__Problem to work on__
From the first line to the last, retype everything below exactly, minus the pictures.
# # # # # # #
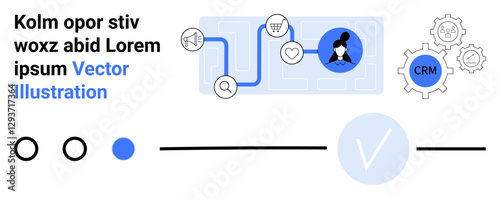 Diagrams, gear and icons representing search, shopping, heart. Businesswoman profile, CRM text. Ideal for process mapping, CRM systems, digital marketing business strategy technology adoption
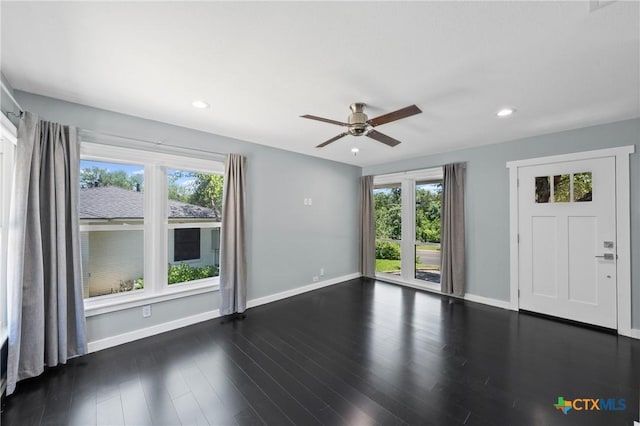 1600 N Beal St, Belton, TX 76513 - unfurnished room with ceiling fan, recessed lighting, and dark wood-type flooring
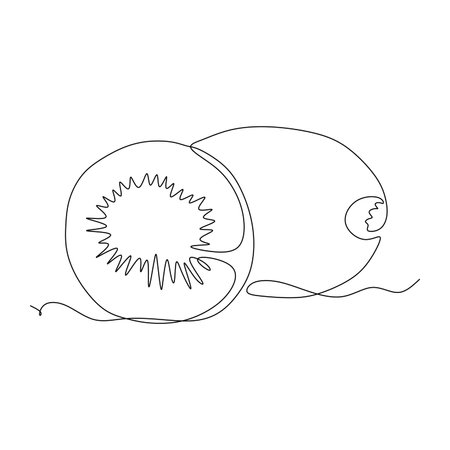 Continuous one line drawing of kiwi fruit. Vector illustrationのイラスト素材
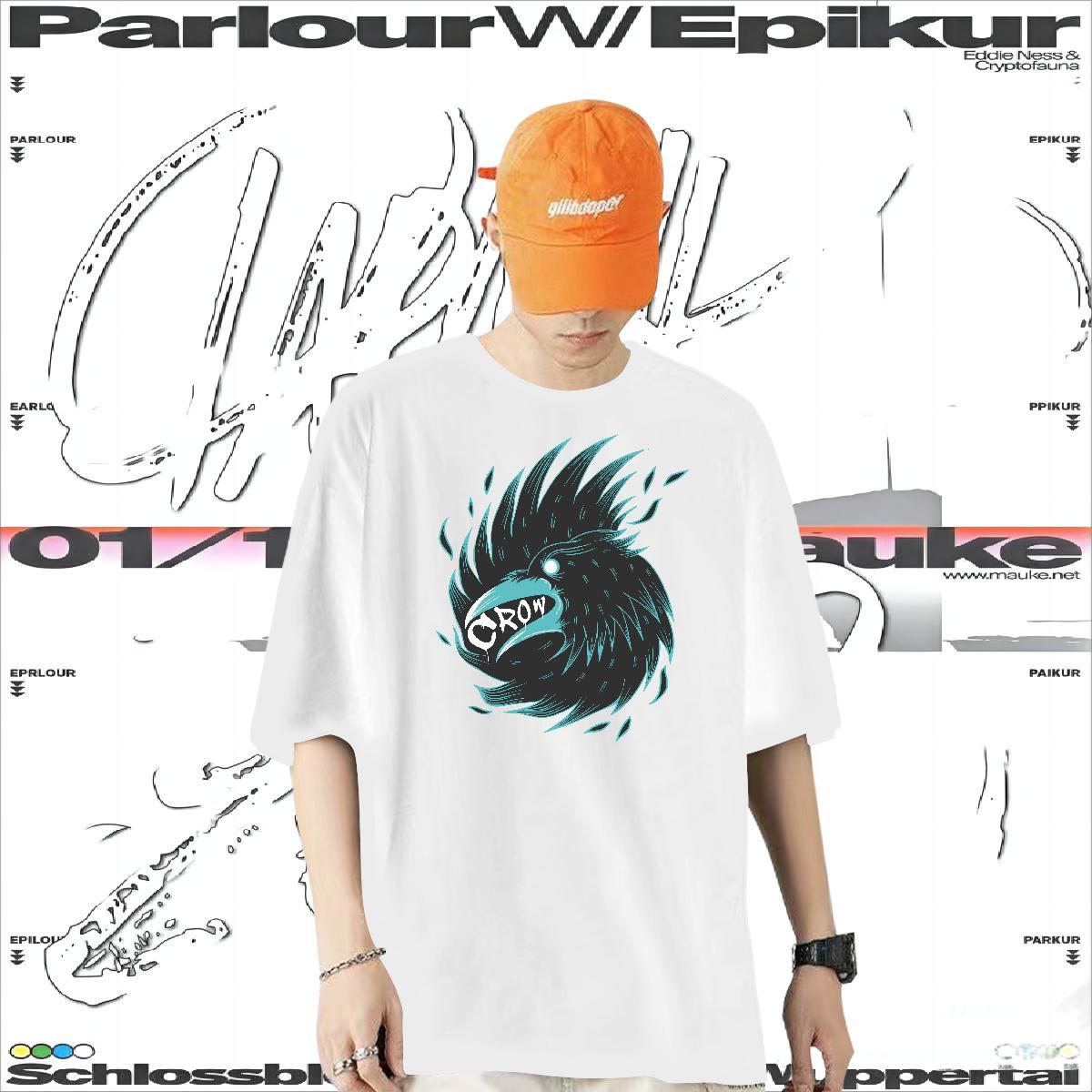 2024 DIY T Shirt For Man 230g Pure Cotton eagle Casual Beach Tees Shirts Crew Neck High Quality Men Clothes T-Shirt Anime Print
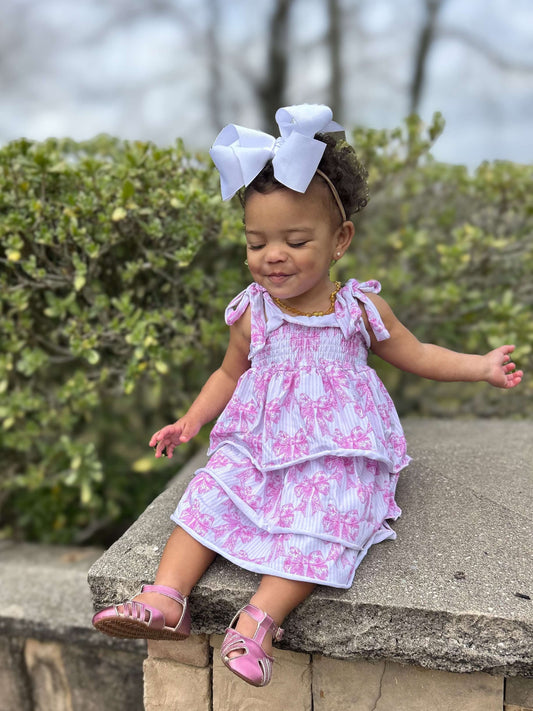 Pink Toile Bow Ruffled Dress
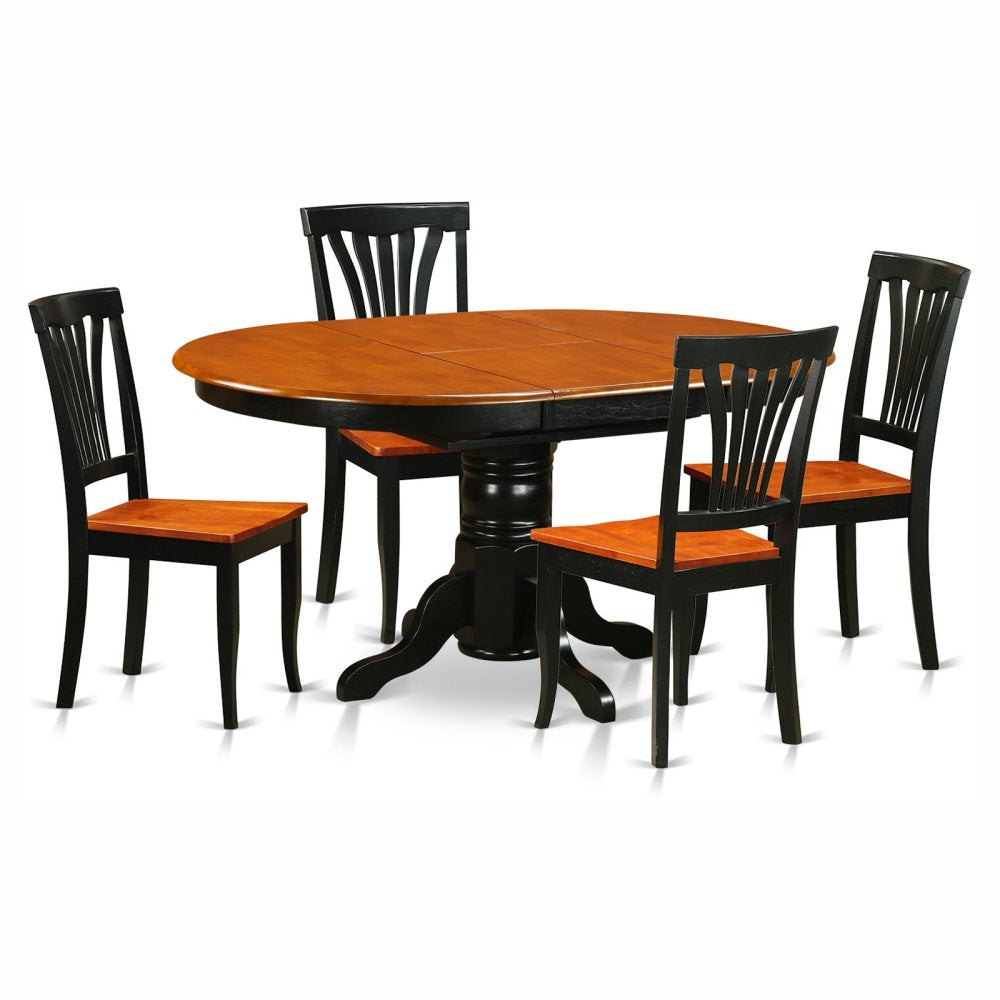 East West Furniture Avon 5 Piece Set Includes an Oval Dining Room Table with Butterfly Leaf and 4 Kitchen Chairs, 42x60 Inch, Black & Cherry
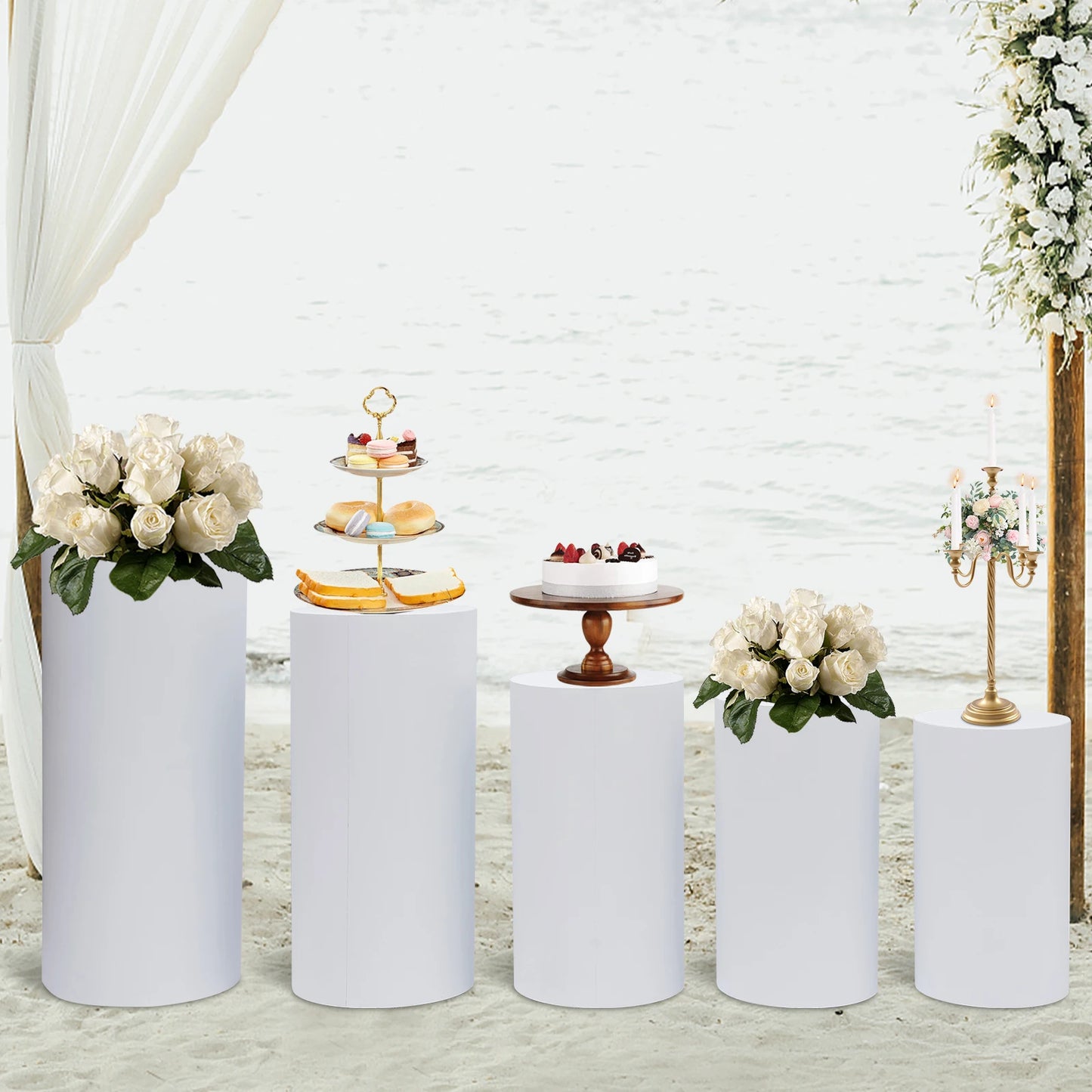 Freestanding Metal Round Cylinder Pedestal Stand For Cakes And Florals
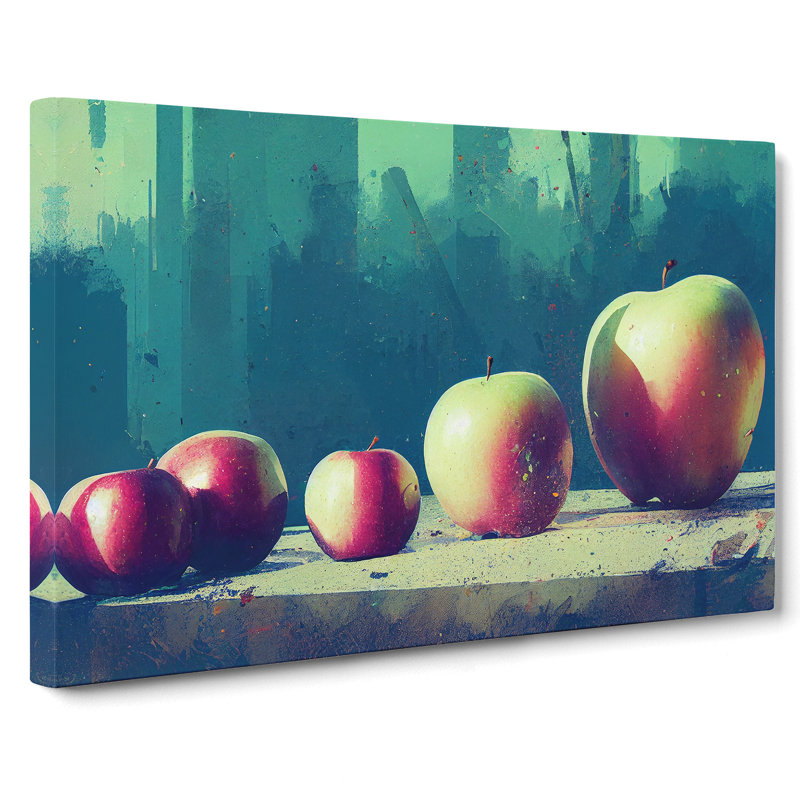Line Of Apples Fruit - Wrapped Canvas, 40cm H x 60cm W x 3cm D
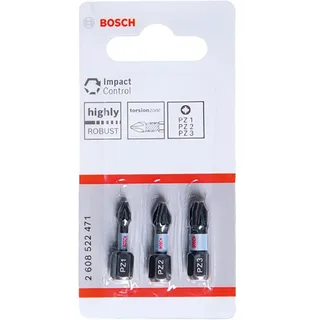 Impact Control Screwdriver Bits Set PZ1-PZ2-PZ3 25 mm von Bosch – Produktbild 1 von 2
# # # # # # #
__Completed task__
 Diagrams, gear and icons representing search, shopping, heart. Businesswoman profile, CRM text. Ideal for process mapping, CRM systems, digital marketing business strategy technology adoption
 1600 N Beal St, Belton, TX 76513 - unfurnished room with ceiling fan, recessed lighting, and dark wood-type flooring
 Continuous one line drawing of kiwi fruit. Vector illustrationのイラスト素材
 2024 DIY T Shirt For Man 230g Pure Cotton eagle Casual Beach Tees Shirts Crew Neck High Quality Men Clothes T-Shirt Anime Print
 Pink Toile Bow Ruffled Dress
 East West Furniture Avon 5 Piece Set Includes an Oval Dining Room Table with Butterfly Leaf and 4 Kitchen Chairs, 42x60 Inch, Black & Cherry
 Freestanding Metal Round Cylinder Pedestal Stand For Cakes And Florals
Line Of Apples Fruit - Wrapped Canvas, 40cm H x 60cm W x 3cm D
 Impact Control Screwdriver Bits Set PZ1-PZ2-PZ3 25 mm von Bosch – Produktbild 1 von 2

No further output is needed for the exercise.